[The problem] Once the pictures are set aside, copy the data below exactly as it stands.

[Data extract]
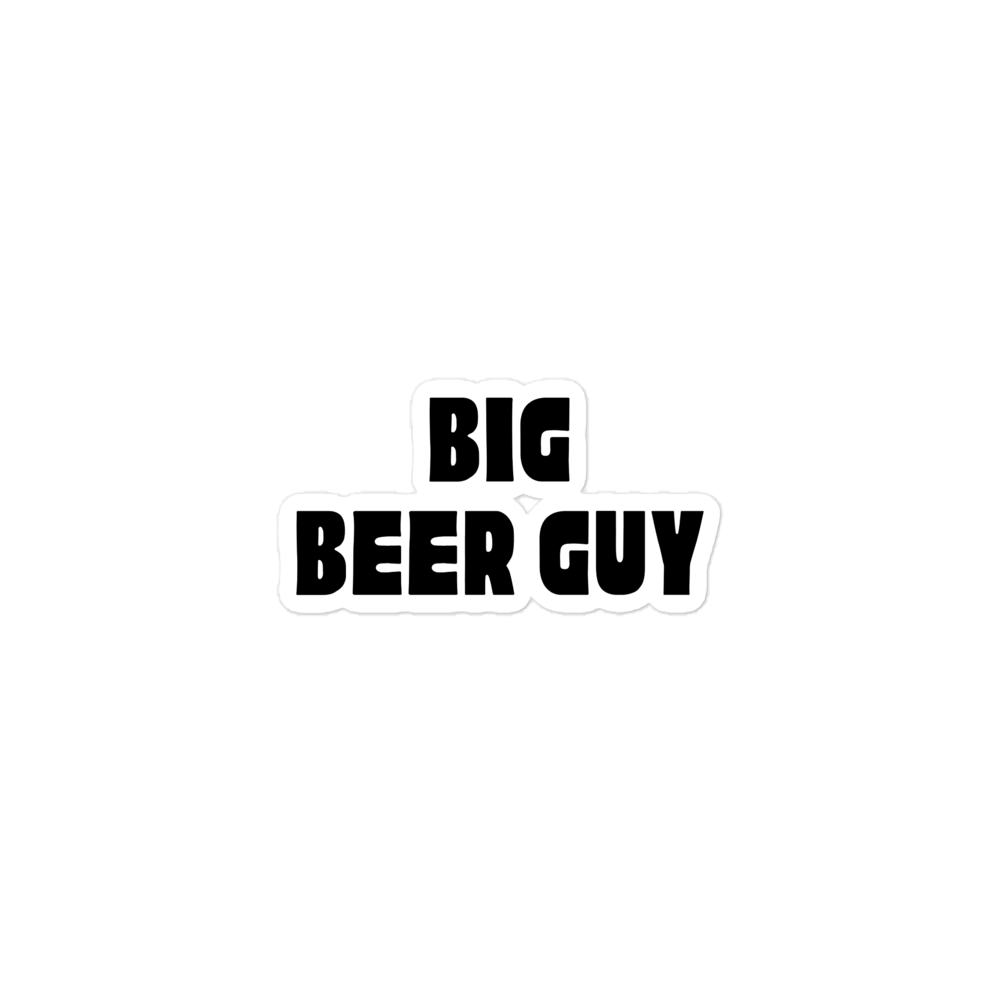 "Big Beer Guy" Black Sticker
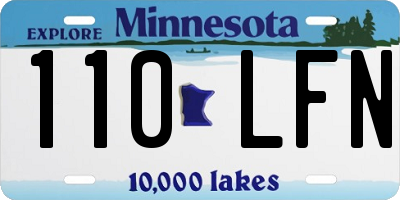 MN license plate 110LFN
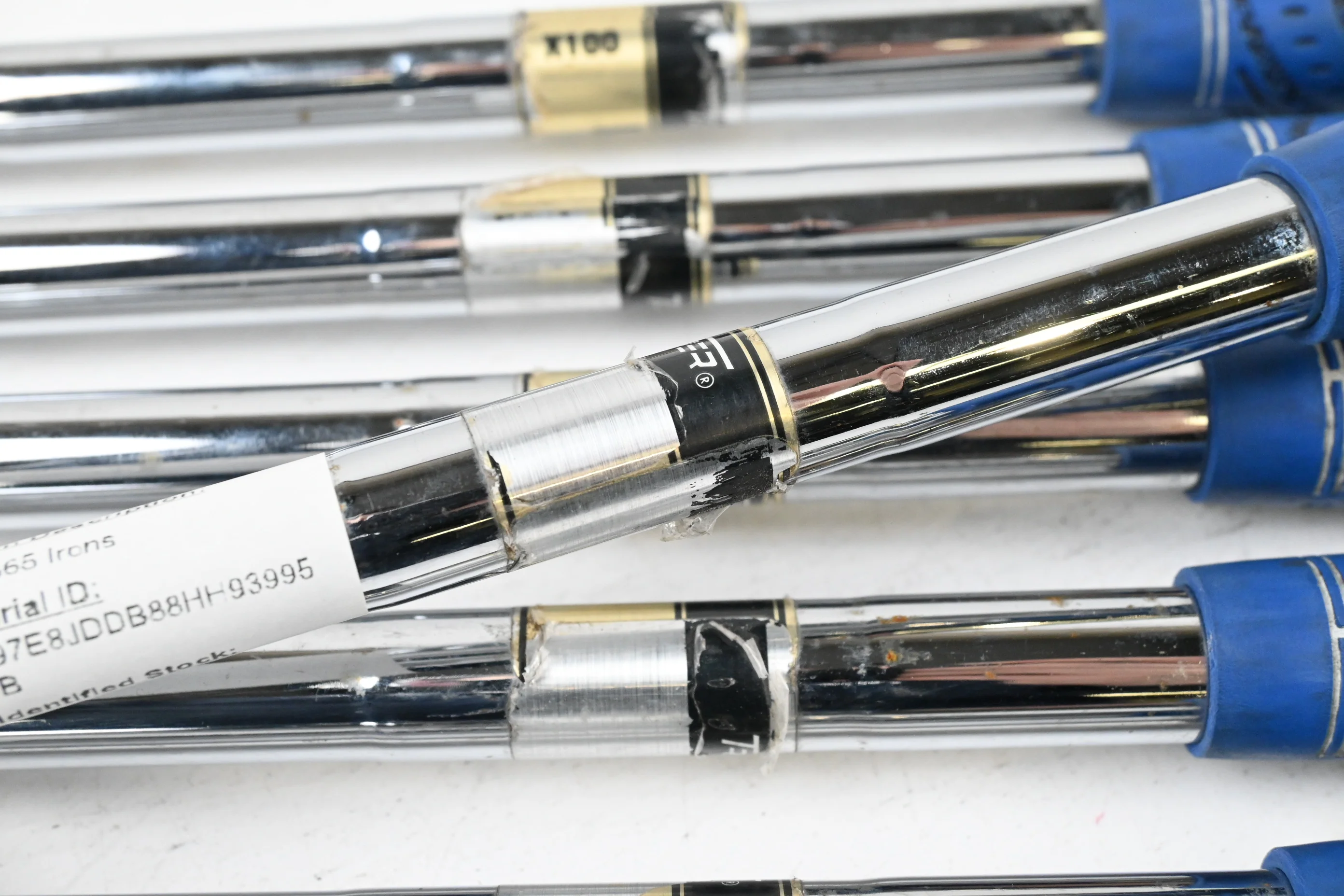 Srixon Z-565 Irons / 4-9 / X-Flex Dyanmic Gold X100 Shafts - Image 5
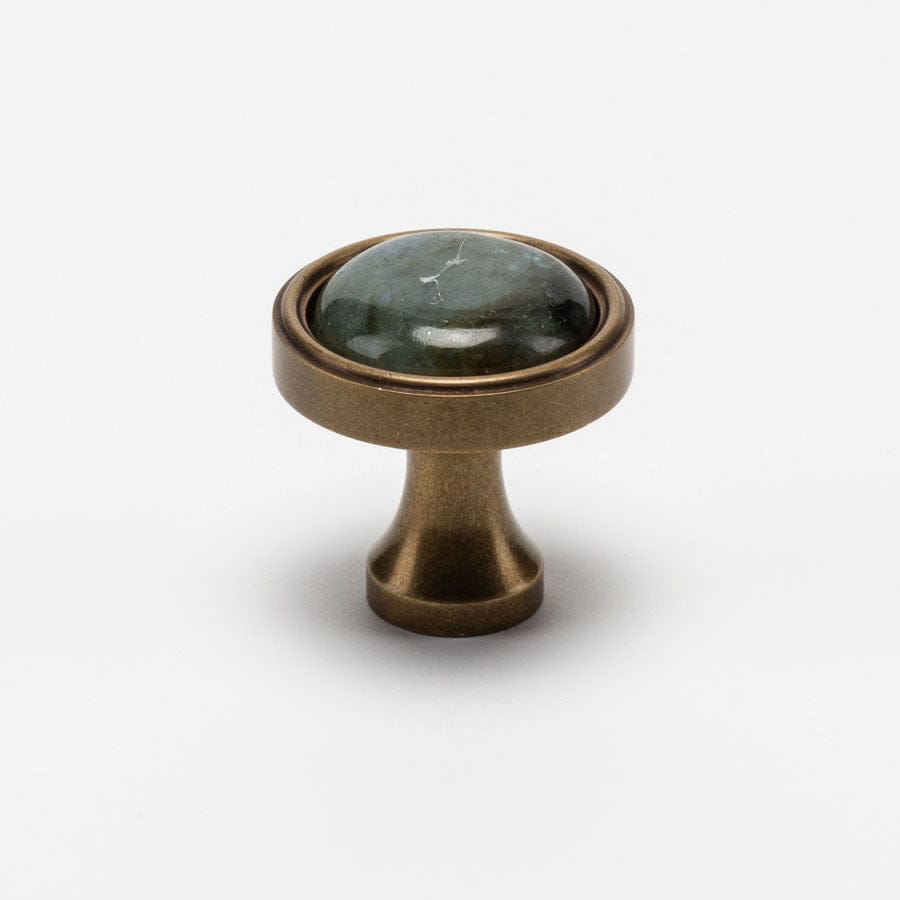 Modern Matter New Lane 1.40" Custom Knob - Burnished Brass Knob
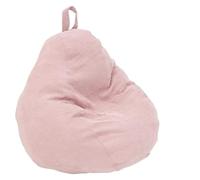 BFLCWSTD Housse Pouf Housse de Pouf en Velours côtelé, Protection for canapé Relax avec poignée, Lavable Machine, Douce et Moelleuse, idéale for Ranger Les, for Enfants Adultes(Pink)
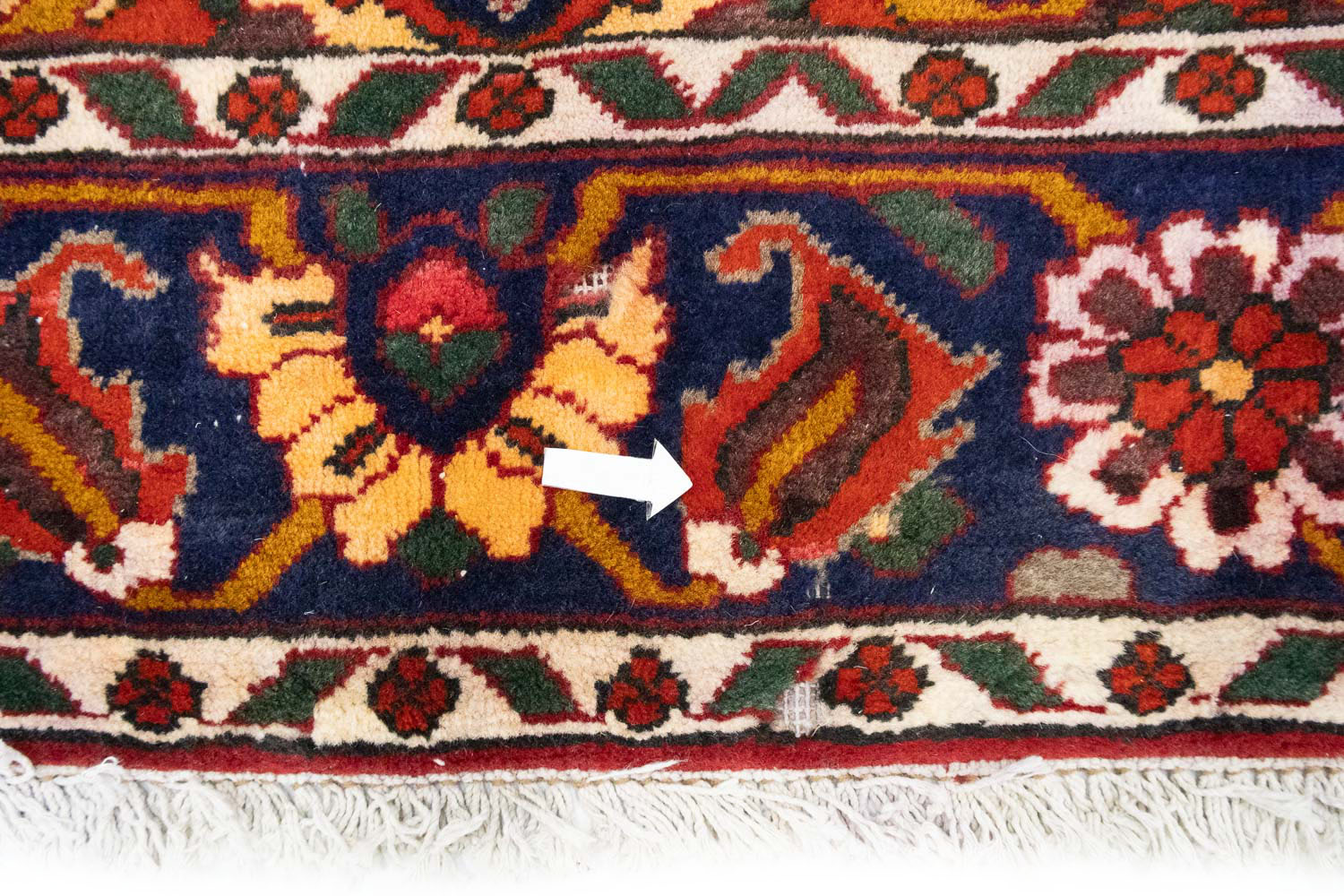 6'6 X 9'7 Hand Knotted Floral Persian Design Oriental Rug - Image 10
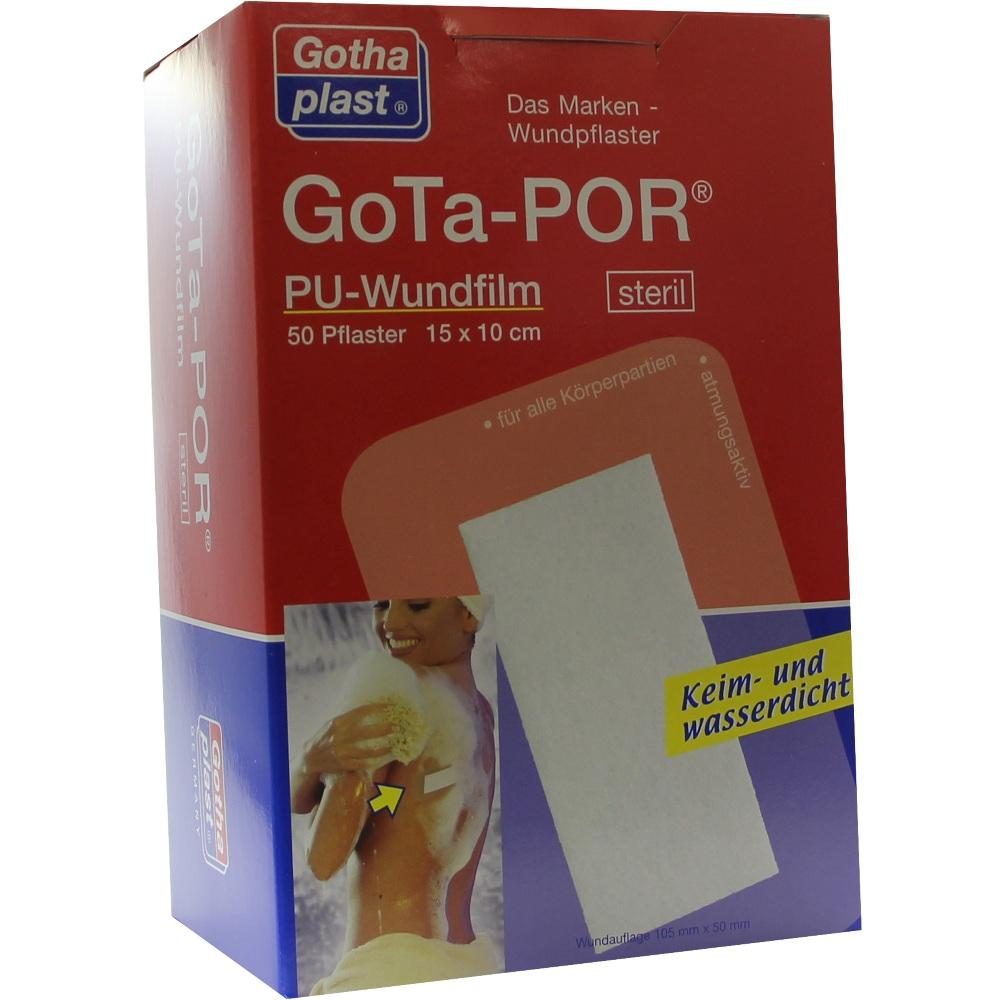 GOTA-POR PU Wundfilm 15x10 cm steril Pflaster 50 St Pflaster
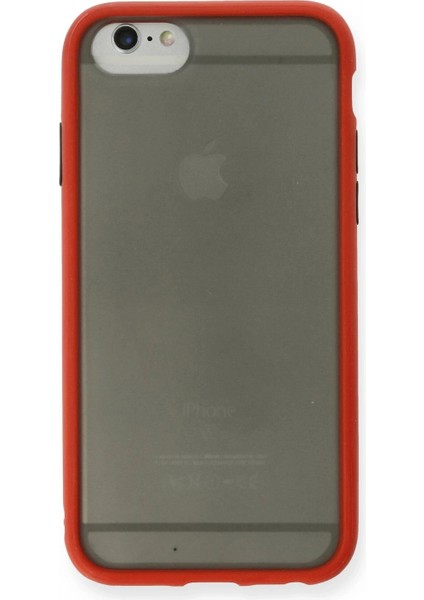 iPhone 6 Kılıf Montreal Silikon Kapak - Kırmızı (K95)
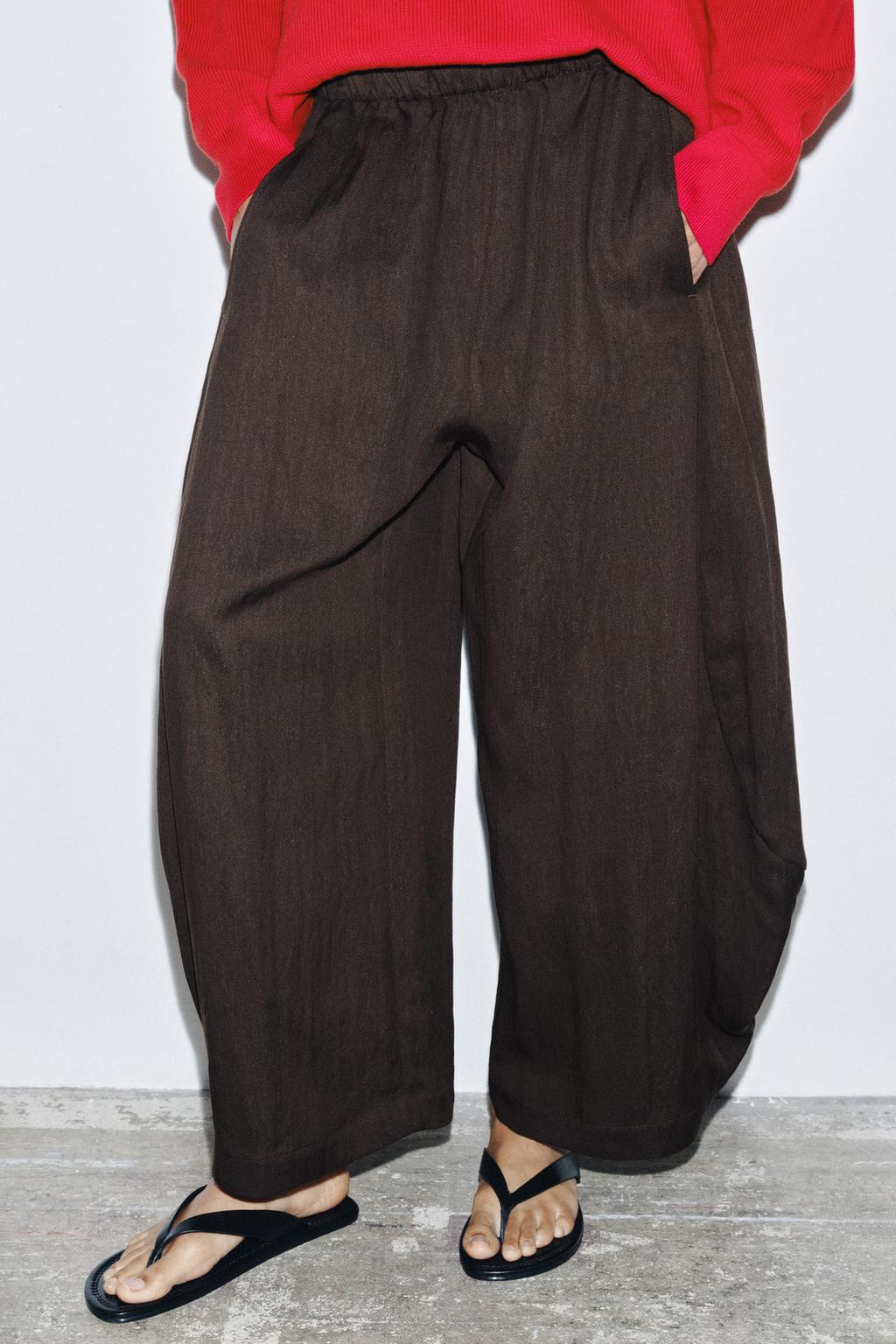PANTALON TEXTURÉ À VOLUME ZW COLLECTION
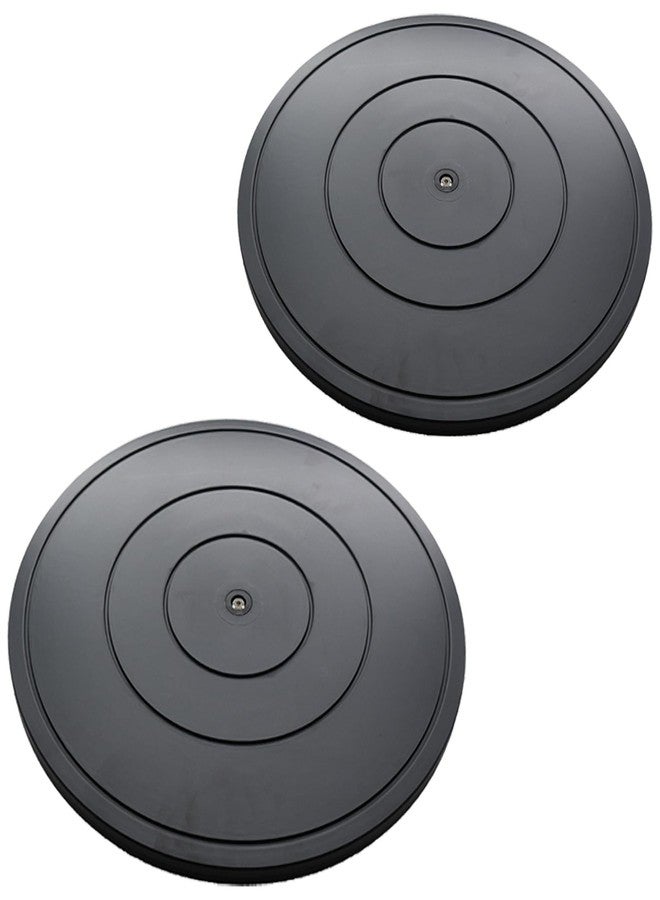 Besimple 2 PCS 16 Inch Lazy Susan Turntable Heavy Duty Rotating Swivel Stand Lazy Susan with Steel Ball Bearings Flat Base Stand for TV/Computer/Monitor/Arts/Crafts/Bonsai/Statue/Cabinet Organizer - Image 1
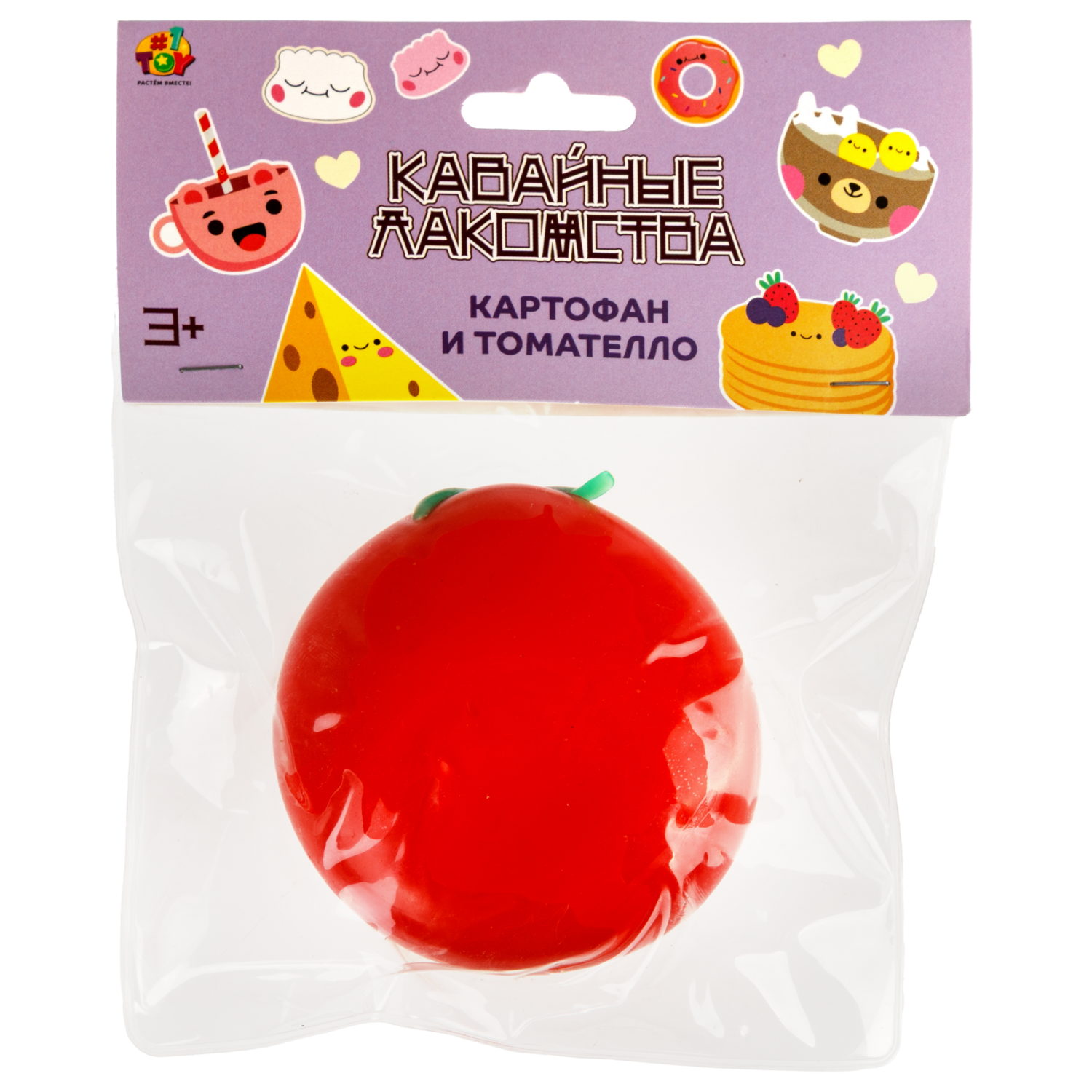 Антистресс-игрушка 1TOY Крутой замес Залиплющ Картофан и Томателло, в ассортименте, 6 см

[Expected output]
 "Big Beer Guy" Black Sticker
 MN license plate 110LFN
 Srixon Z-565 Irons / 4-9 / X-Flex Dyanmic Gold X100 Shafts - Image 5
 Modern Matter New Lane 1.40" Custom Knob - Burnished Brass Knob
 BFLCWSTD Housse Pouf Housse de Pouf en Velours côtelé, Protection for canapé Relax avec poignée, Lavable Machine, Douce et Moelleuse, idéale for Ranger Les, for Enfants Adultes(Pink)
 6'6 X 9'7 Hand Knotted Floral Persian Design Oriental Rug - Image 10
 GOTA-POR PU Wundfilm 15x10 cm steril Pflaster 50 St Pflaster
 iPhone 6 Kılıf Montreal Silikon Kapak - Kırmızı (K95)
PANTALON TEXTURÉ À VOLUME ZW COLLECTION
 Besimple 2 PCS 16 Inch Lazy Susan Turntable Heavy Duty Rotating Swivel Stand Lazy Susan with Steel Ball Bearings Flat Base Stand for TV/Computer/Monitor/Arts/Crafts/Bonsai/Statue/Cabinet Organizer - Image 1
 Антистресс-игрушка 1TOY Крутой замес Залиплющ Картофан и Томателло, в ассортименте, 6 см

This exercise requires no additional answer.